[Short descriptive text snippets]
• • •
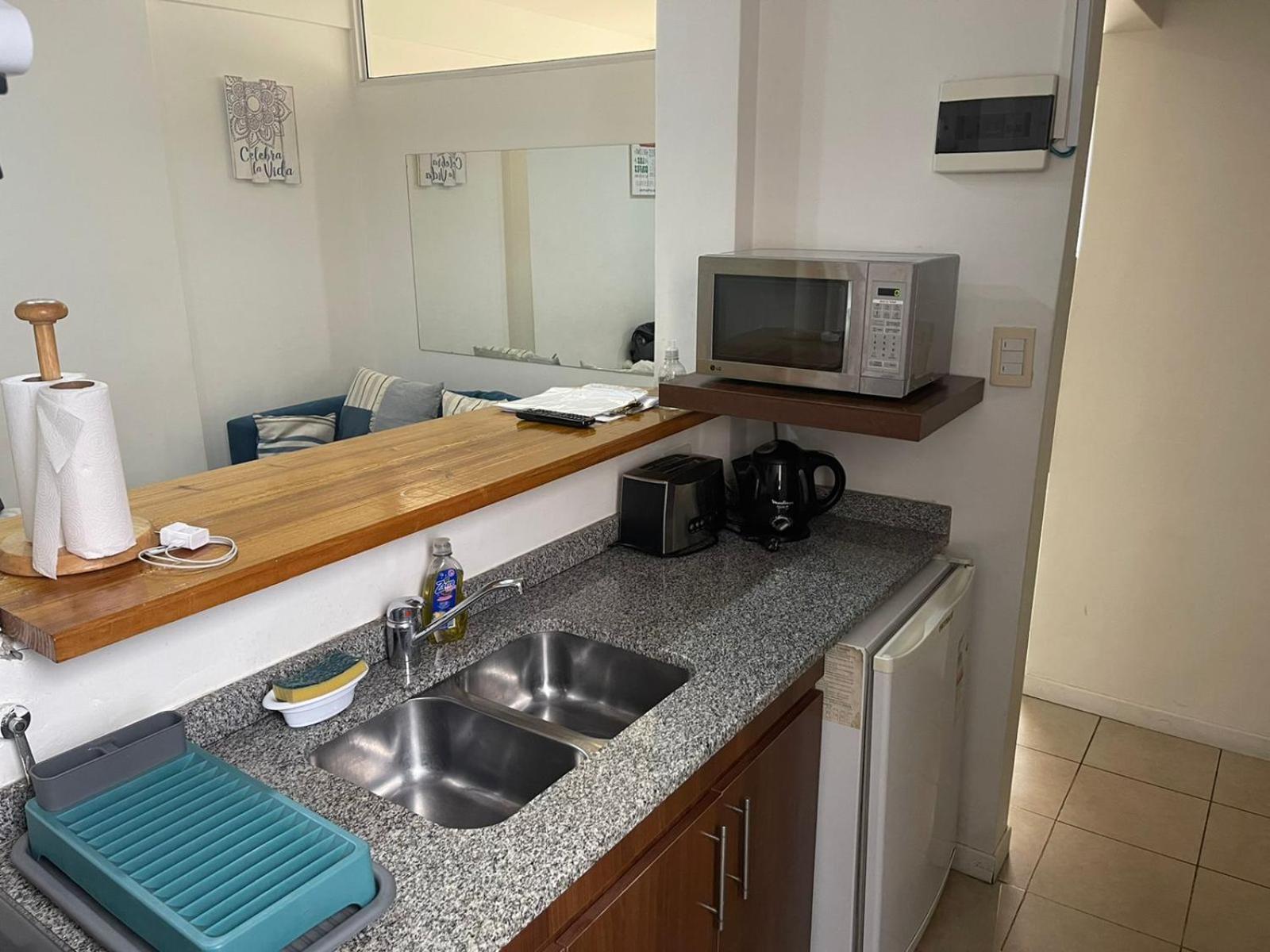 Departamento para 6 personas en pleno centro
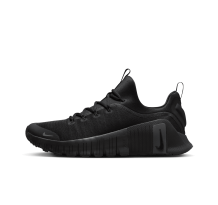 Nike Free Metcon 6 Workout (FJ7127-003) in schwarz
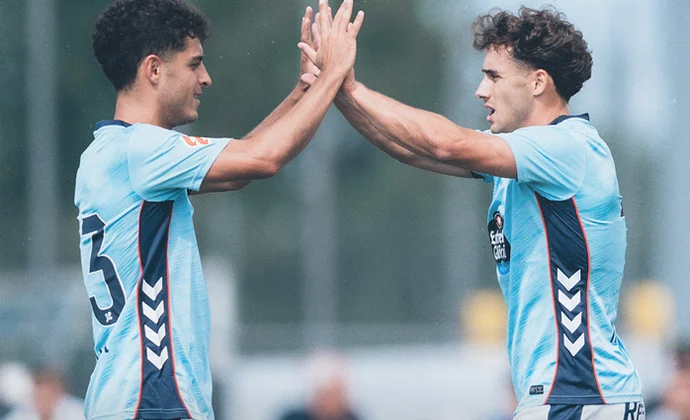 Crónica del amistoso: Grasshopper 0-3 Celta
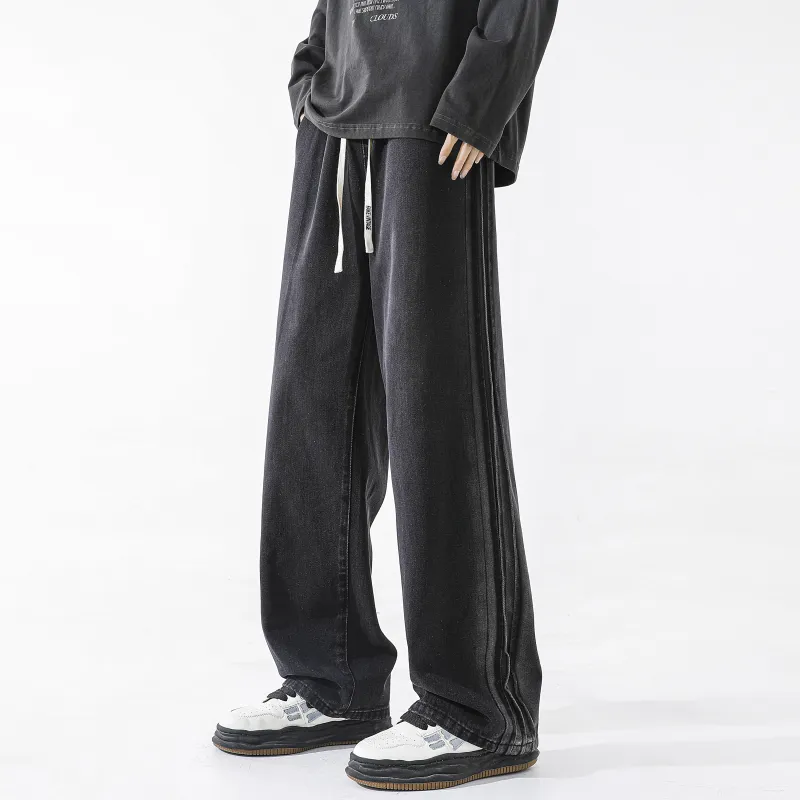 FAKE VINTAGE Jeans Unisex-8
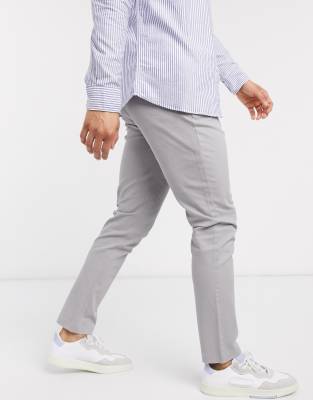 grey chino jeans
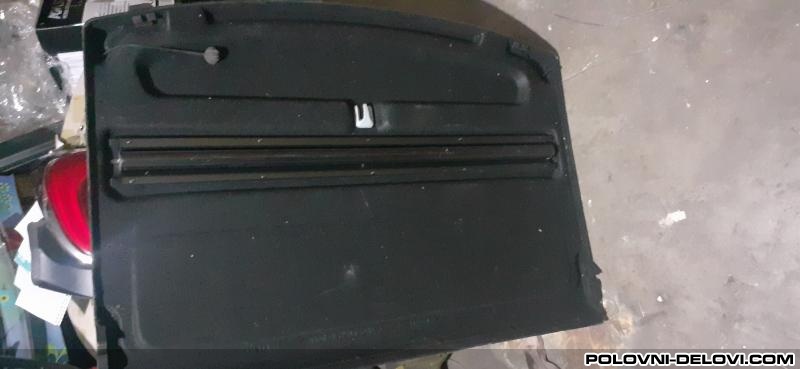 Skoda  Superb 1.9 Tdi.2.0 Tdi Polica Gepeka
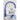 In-Package Image for C2G 10ft Cat5e Ethernet Cable - Snagless Unshielded (UTP) - Blue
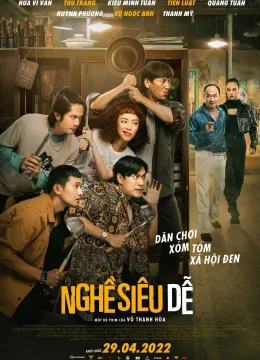 Xem Phim Nghề Siêu Dễ Thuyết Minh Online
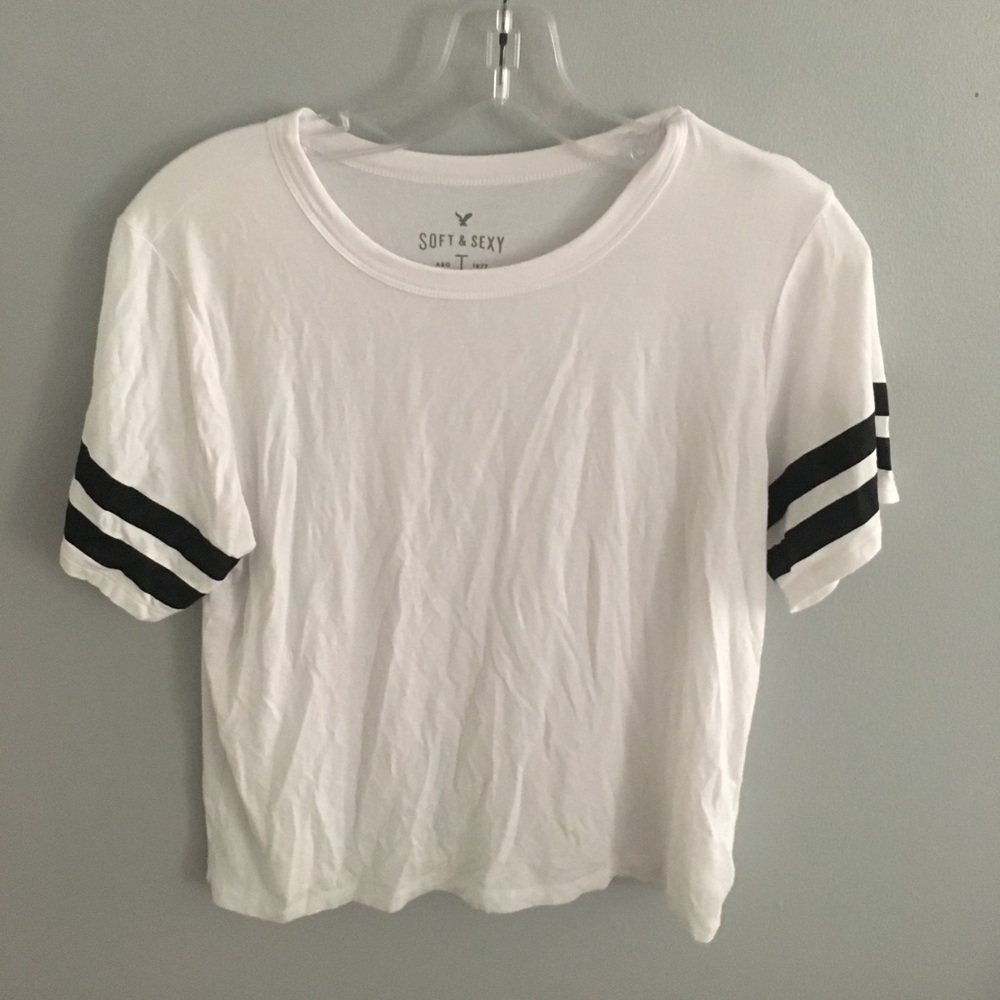 American Eagle Soft & Sexy Sporty Tee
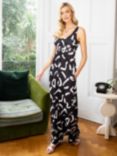 HotSquash Empire Line Maxi Dress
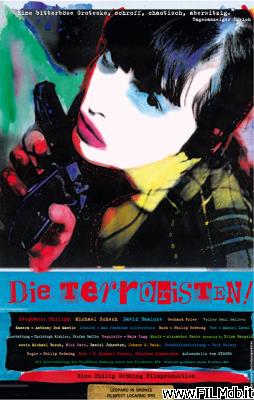 poster Locandina del film Die Terroristen!
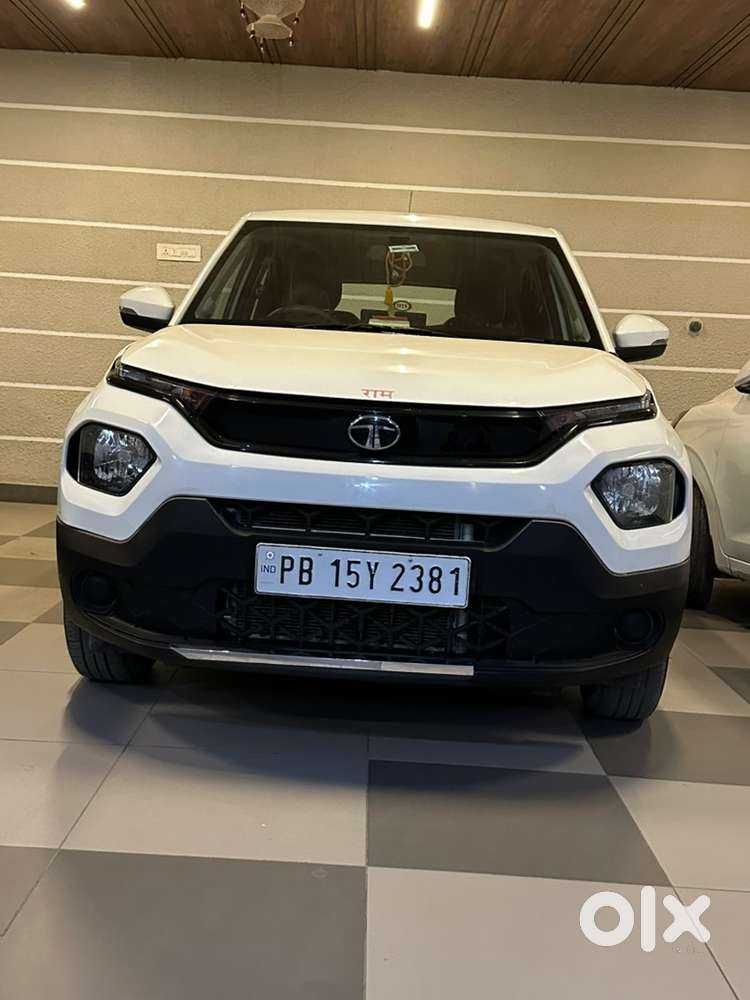 Tata Punch Petrol 2024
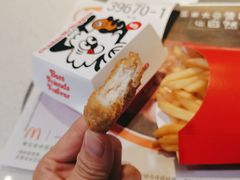 -麦当劳(田林好又多店)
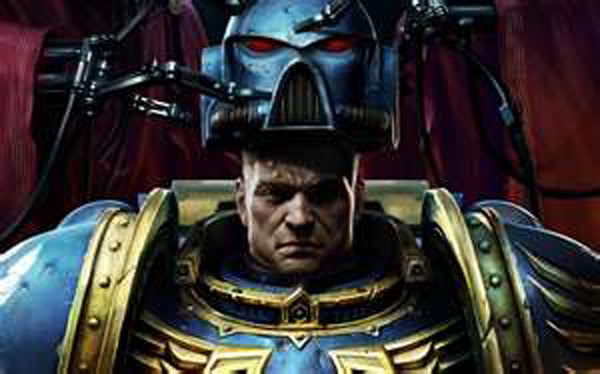 Warhammer 40K: Space Marine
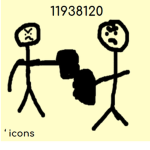 ' icons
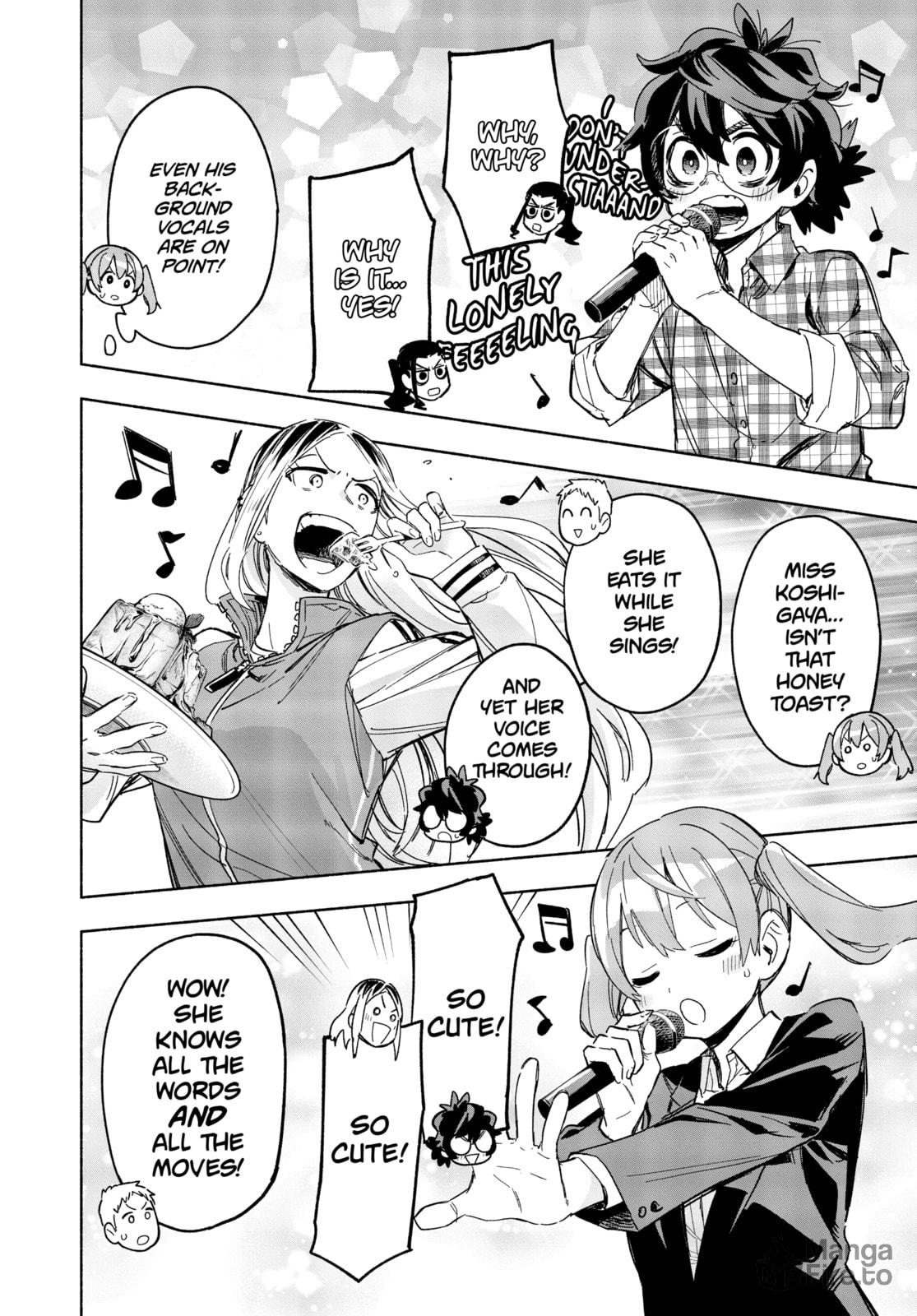 Moments Like These Original Work: Sekka lwata Artwork: Yu Aoki page 9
• • •
_Goal of the exercise_
Each line from the one holding "Nike Free Metcon" through the last line of the records above must be duplicated exactly, and pictures must not be.

_Written solution_
 Nike Free Metcon 6 Workout (FJ7127-003) in schwarz
 Crónica del amistoso: Grasshopper 0-3 Celta
 FAKE VINTAGE Jeans Unisex-8
 grey chino jeans
 Skoda  Superb 1.9 Tdi.2.0 Tdi Polica Gepeka
 In-Package Image for C2G 10ft Cat5e Ethernet Cable - Snagless Unshielded (UTP) - Blue
 Xem Phim Nghề Siêu Dễ Thuyết Minh Online
 American Eagle Soft & Sexy Sporty Tee
 HotSquash Empire Line Maxi Dress
 poster Locandina del film Die Terroristen!
 Tata Punch Petrol 2024
 -麦当劳(田林好又多店)
 Warhammer 40K: Space Marine
 ' icons
 Moments Like These Original Work: Sekka lwata Artwork: Yu Aoki page 9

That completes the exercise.